National Citizens’ Initiative Holds Public Hearings on
Property Rights and Their Violation

Yerevan–The National Citizens’ Initiative (NCI) today continued its series
of public hearings with a town-hall meeting on “Violations in Property
Alienation.” By means of the event, NCI brought a new stimulus to the civic
movement against the human rights infringements taking place during
implementation of the new construction plan for Yerevan. On August 24, at
the time of the first hearings devoted to this issue, NCI had underscored
the need to prepare a special report.

NCI program coordinator Edgar Hakobian welcomed the audience with opening
remarks. This was followed by a video clip on the recent and ongoing
violations against the residents of the “alienation belt” in the capital’s
Kentron community. “The legal abuse against the citizens of Armenia is
continuing and no end seems in sight. For many of our fellow dwellers life
has turned into a nightmare; numerous families are on the streets for quite
some time now. In addition, if the state is refusing to restore the
infringed rights of its own citizens, then civil society has no right to
remain silent. And in various ways our Initiative is trying to assume its
share in the prevention of those contraventions,” Hakobian said, who also
gave eyewitness testimony on several such breaches.

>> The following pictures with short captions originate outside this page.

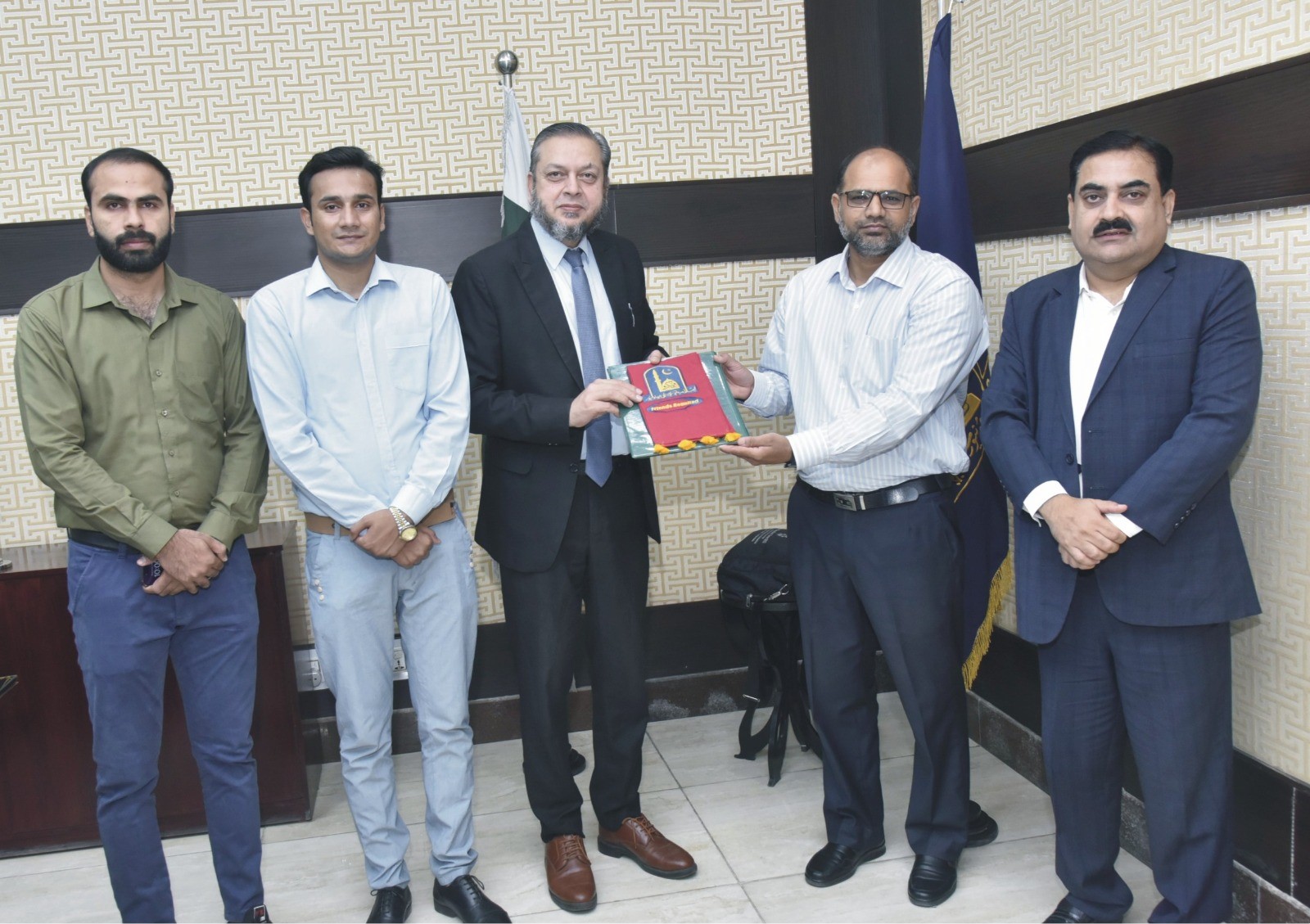 IUB Alumni Affairs: Vice Chancellor Prof. Dr. Muhammad Kamran is presented with an Alumni Souvenir Award.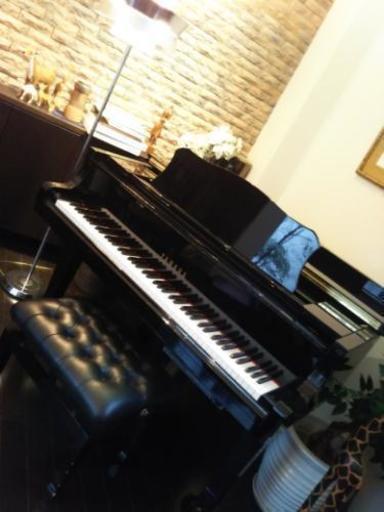 YAMAHA グランドピアノ 自動演奏機付:鍵盤が自動で動きます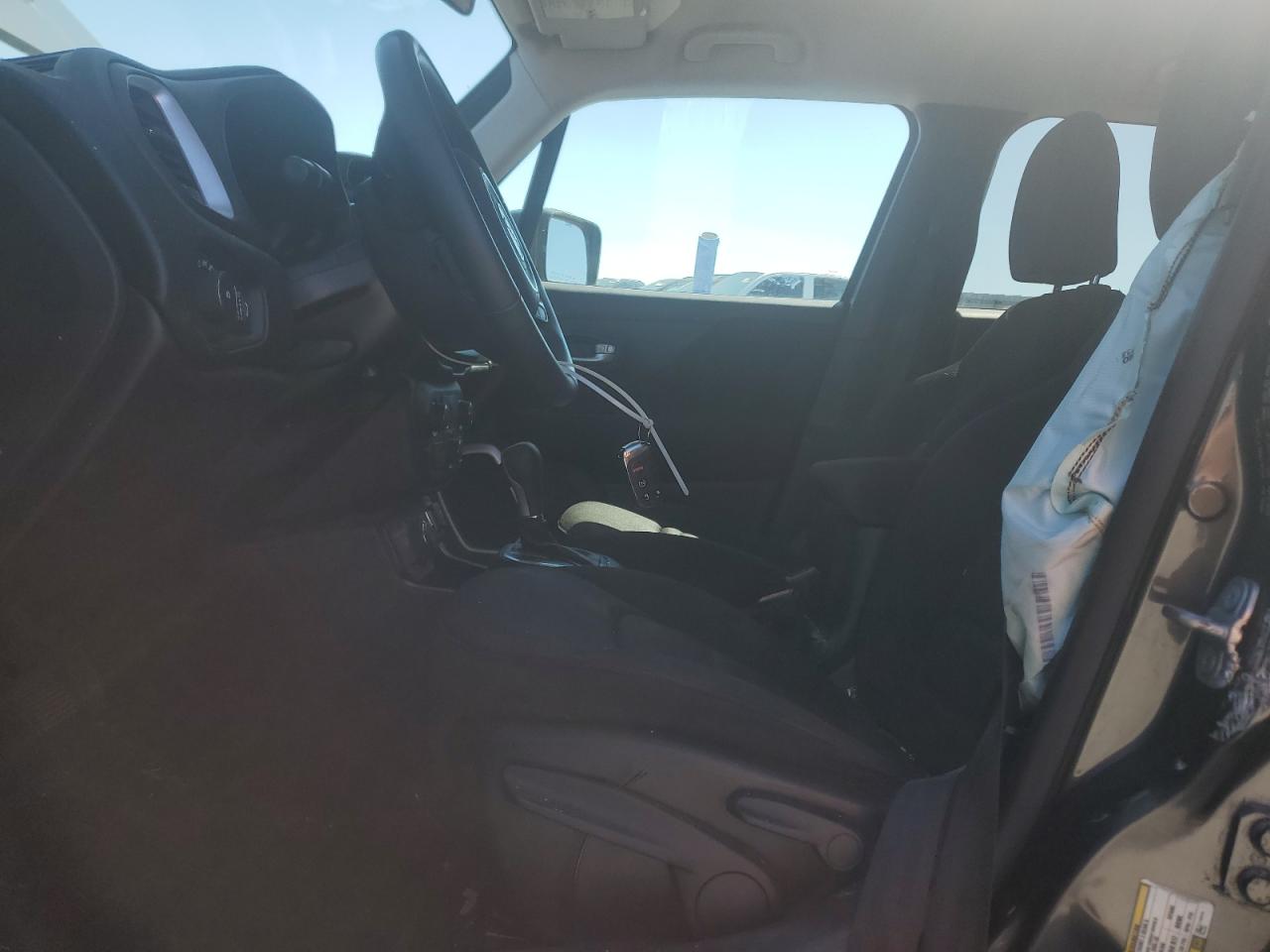 2018 Jeep Renegade Latitude VIN: ZACCJBBB9JPJ45955 Lot: 72085345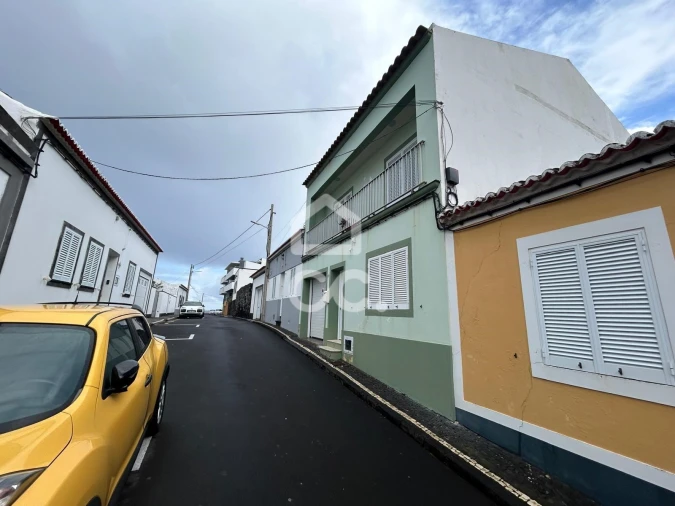 Moradia T4 para Venda em Ribeira Grande (Matriz) Foto 4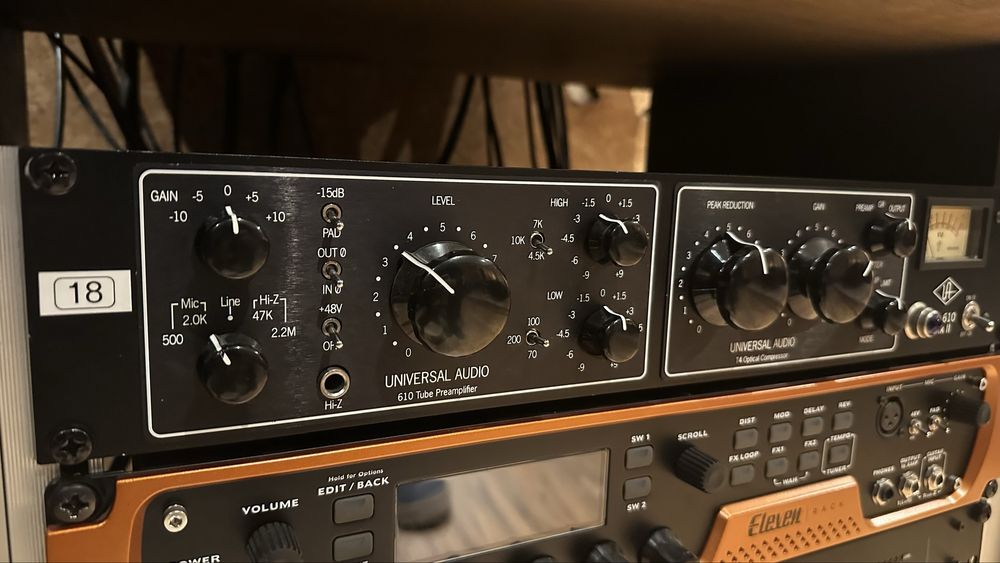 Universal Audio - Preamp + Compressor LA 610
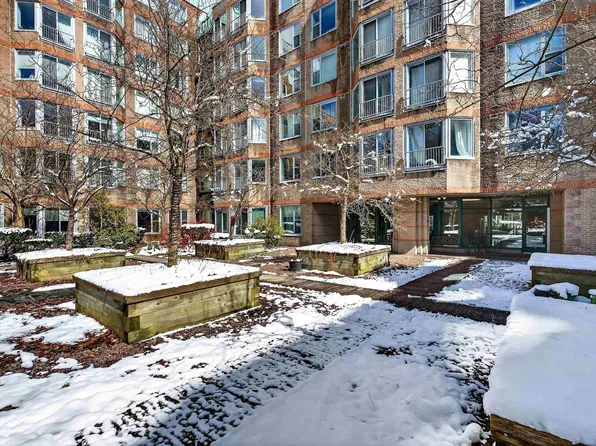 1326 Lower Water St #214, Halifax, NS B3J 3R3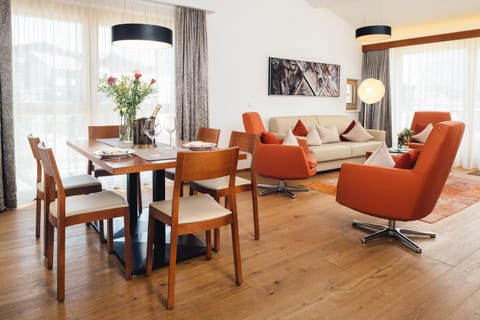 Living room, Dining area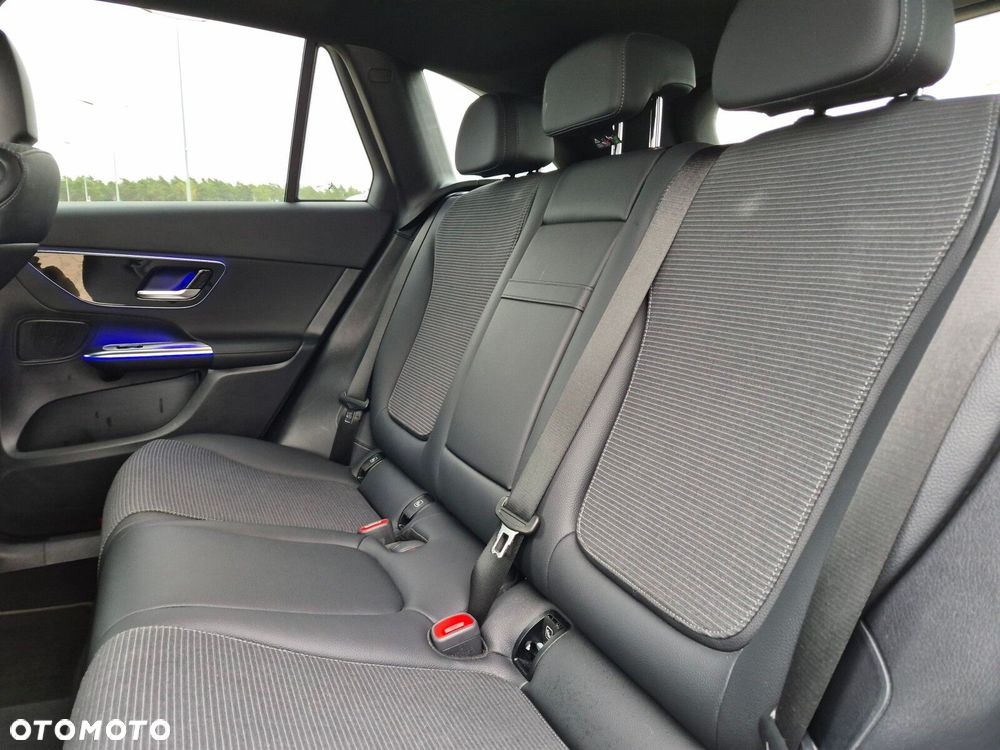 Mercedes-Benz GLC - 34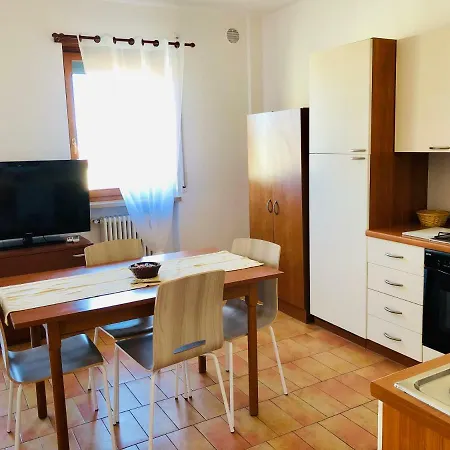 Peschiera - Zona Ospedale Pederzoli Apartamento *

Armenian Center for National and International Studies (ACNIS) director of
research Stiopa Safarian made public NCI’s special report entitled “The
Victims of State Necessities,” in which a group of analysts has thoroughly
examined the legitimacy and constitutionality of this process. “The
addressees of the review are not the Armenian public alone but also those
officials who have not yet lost the capacity to listen and make a real
assessment. Just as Armenian citizens have exhausted all possible avenues
for defending their rights, it seems the body politic likewise has lost the
capability to stop those unlawful acts. With this report, we seek to give
new impetus to the process by means of inviting to this question the
attention of not only local but also international human rights
organizations,” Safarian concluded.

Illegalities and arbitrariness are still so widespread in Armenia that this
autumn the country’s ombudswoman Larisa Alaverdian had come up with a
special report in this regard. “The human rights defender had been
criticized for her 2004 annual report, where the facts pertaining to the sad
state of human rights were either under-expressed or entirely missing. That
gap has been filled by the special report,” Alaverdian said. She also
expressed a conviction that even after the revelation of relevant evidences,
unlawful acts continue unabated.

In his turn, Armenian Bar Association member Arthur Grigorian brought forth
numerous examples of the breach of citizens’ rights to judicial protection.
“Indirect persecution also has started against human rights advocates and
legal defenders. A vivid illustration of this is the arrest, based on
fabricated accusations, and night trial of Vahe Grigorian, director of the
legal firm ‘Right,'” Arthur Grigorian noted. The participants in the hearing
recalled that Vahe Grigorian is the lawyer for a number of families being
evicted from Biuzand Street who by way of his professional practice is
generating serious impediments for the “digestion” of these illegalities.
The assembled NCI activists and other public representatives made an appeal
to the governing authorities to put an end to such unlawful and undemocratic
deeds.

Despite the invitations that were sent to a range of state bodies, there
were very few government officials who took part in the session. Chairman
Karen Davtian of the Bureau for the Implementation of Yerevan’s Construction
Investment Plans attempted to substantiate the legitimacy of property
alienation. According to him, the number of disgruntled citizens is small
because approximately 1200 residents of that area already have signed
pertinent contracts and received compensations. In the words of Davtian, the
complaints by many are baseless since those people do not possess any
documents that confirm their right to proprietorship.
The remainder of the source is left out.